## What you have to do
Find the line with "股票融资50万一天利息 蚂蚁配资收费标准揭秘：利息、管理费全解析" in the data below. Repeat it and every line after it exactly, but not the pictures.

(Beginning of Material for this exercise)

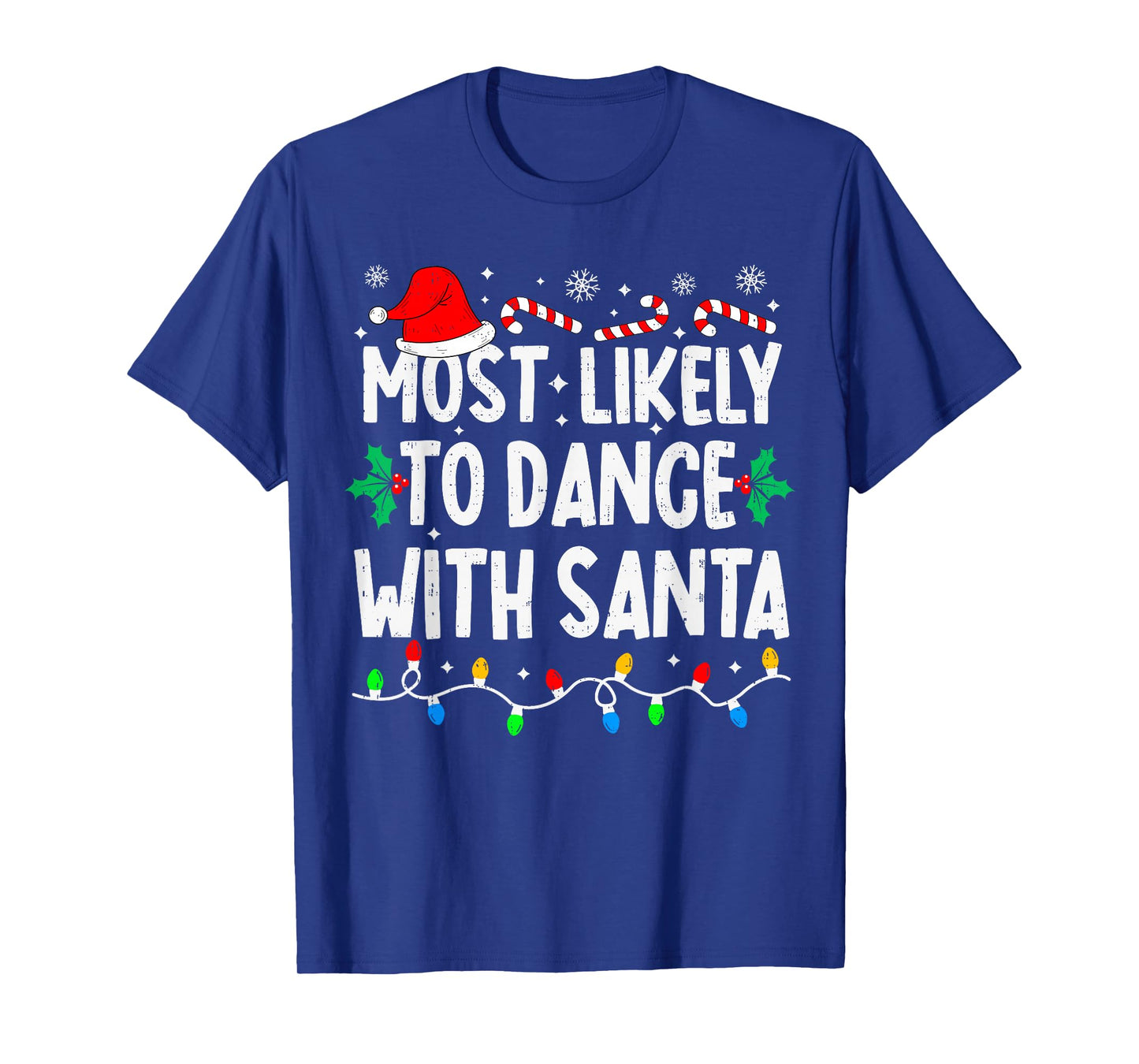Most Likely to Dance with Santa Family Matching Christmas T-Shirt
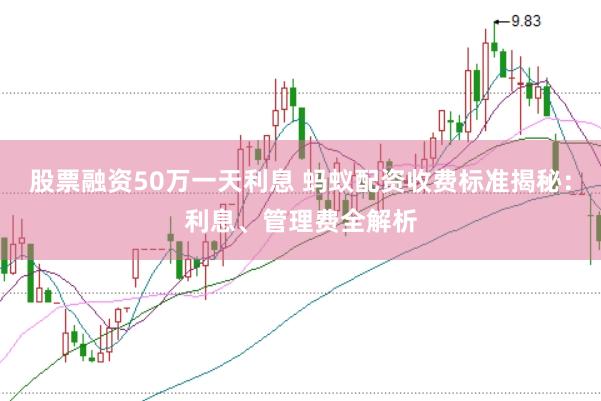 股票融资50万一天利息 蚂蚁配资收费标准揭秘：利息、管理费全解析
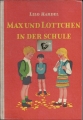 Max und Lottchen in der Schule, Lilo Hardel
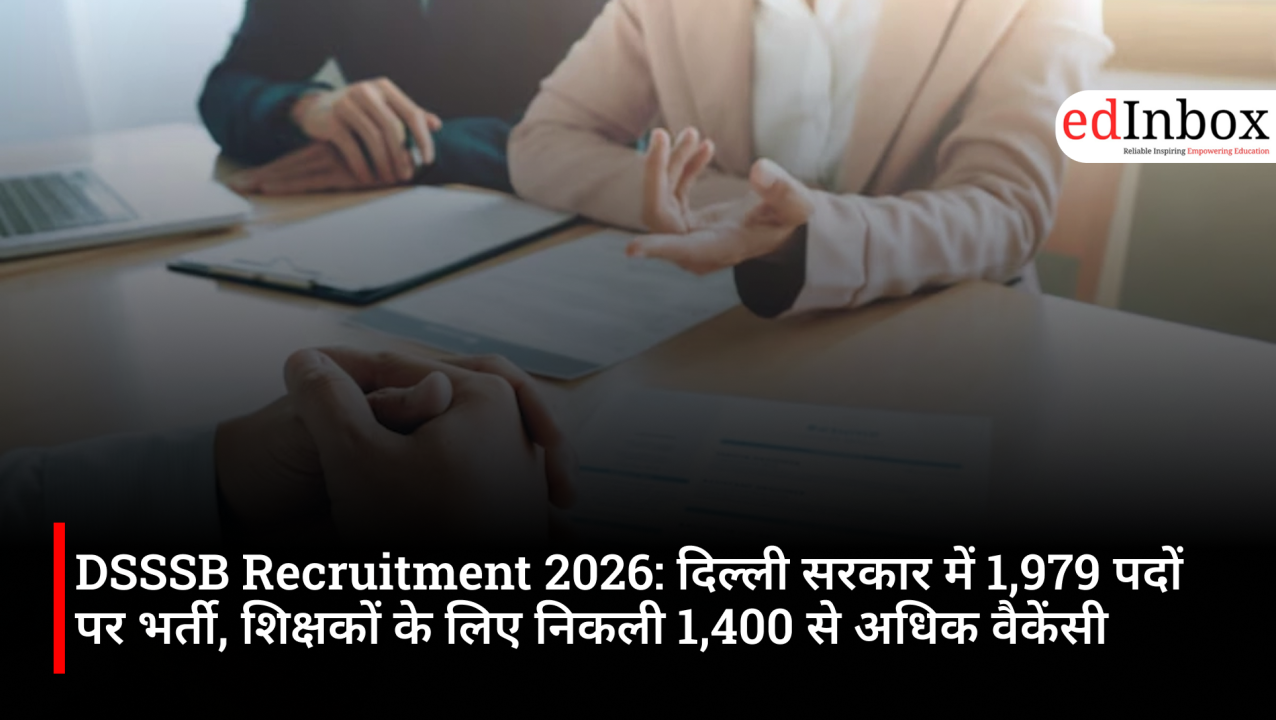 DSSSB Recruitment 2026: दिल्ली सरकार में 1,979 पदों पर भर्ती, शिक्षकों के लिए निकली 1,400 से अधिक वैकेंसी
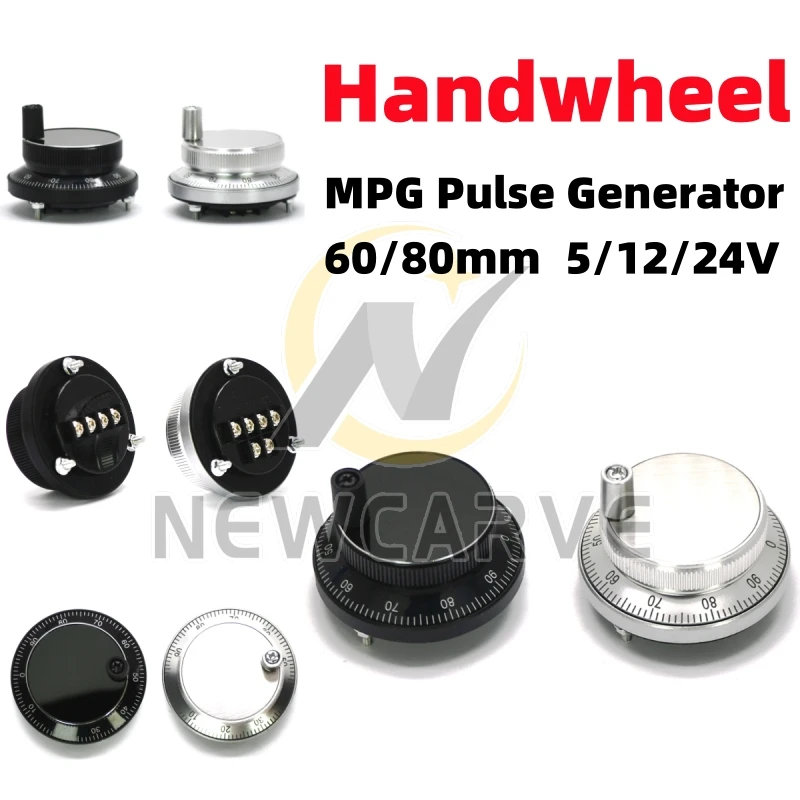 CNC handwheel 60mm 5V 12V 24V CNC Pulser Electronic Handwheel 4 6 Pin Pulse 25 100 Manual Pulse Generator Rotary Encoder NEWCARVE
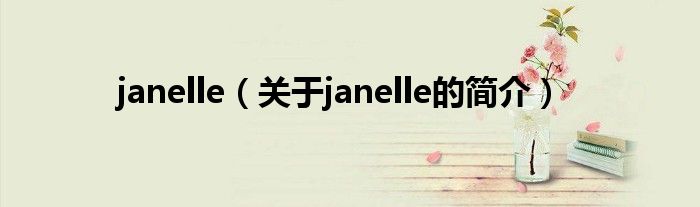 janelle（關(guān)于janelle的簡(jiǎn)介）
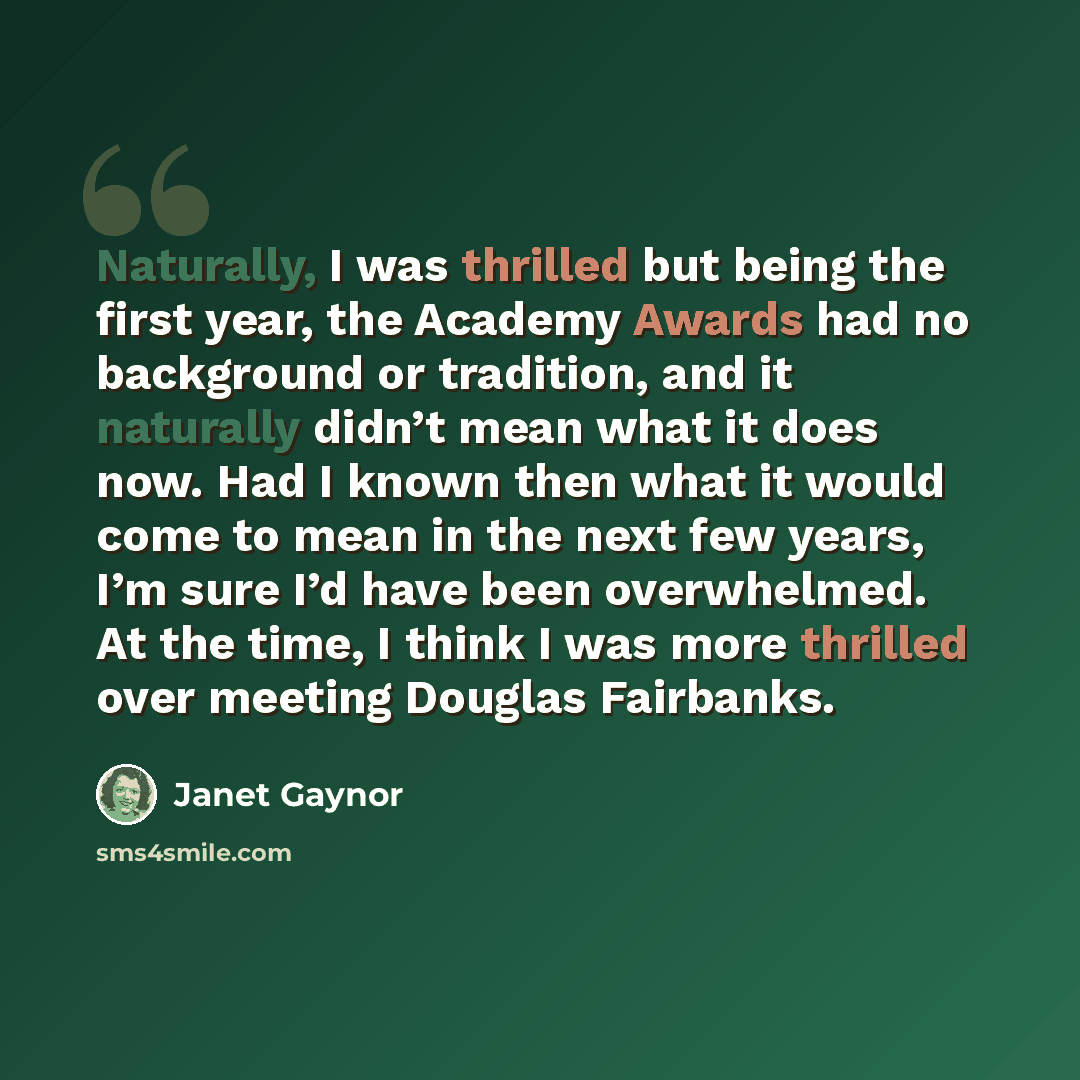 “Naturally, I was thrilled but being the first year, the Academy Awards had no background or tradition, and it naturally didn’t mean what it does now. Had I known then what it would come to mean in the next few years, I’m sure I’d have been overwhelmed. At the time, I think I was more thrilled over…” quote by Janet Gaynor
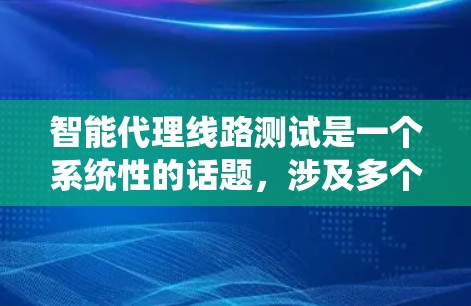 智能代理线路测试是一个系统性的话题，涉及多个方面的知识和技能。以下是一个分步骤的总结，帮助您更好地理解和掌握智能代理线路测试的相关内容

(End of Material for this exercise)

## Result of the task
 股票融资50万一天利息 蚂蚁配资收费标准揭秘：利息、管理费全解析
 Max und Lottchen in der Schule, Lilo Hardel
 DSSSB Recruitment 2026: दिल्ली सरकार में 1,979 पदों पर भर्ती, शिक्षकों के लिए निकली 1,400 से अधिक वैकेंसी
 CNC handwheel 60mm 5V 12V 24V CNC Pulser Electronic Handwheel 4 6 Pin Pulse 25 100 Manual Pulse Generator Rotary Encoder NEWCARVE
 janelle（關(guān)于janelle的簡(jiǎn)介）
 “Naturally, I was thrilled but being the first year, the Academy Awards had no background or tradition, and it naturally didn’t mean what it does now. Had I known then what it would come to mean in the next few years, I’m sure I’d have been overwhelmed. At the time, I think I was more thrilled over…” quote by Janet Gaynor
 智能代理线路测试是一个系统性的话题，涉及多个方面的知识和技能。以下是一个分步骤的总结，帮助您更好地理解和掌握智能代理线路测试的相关内容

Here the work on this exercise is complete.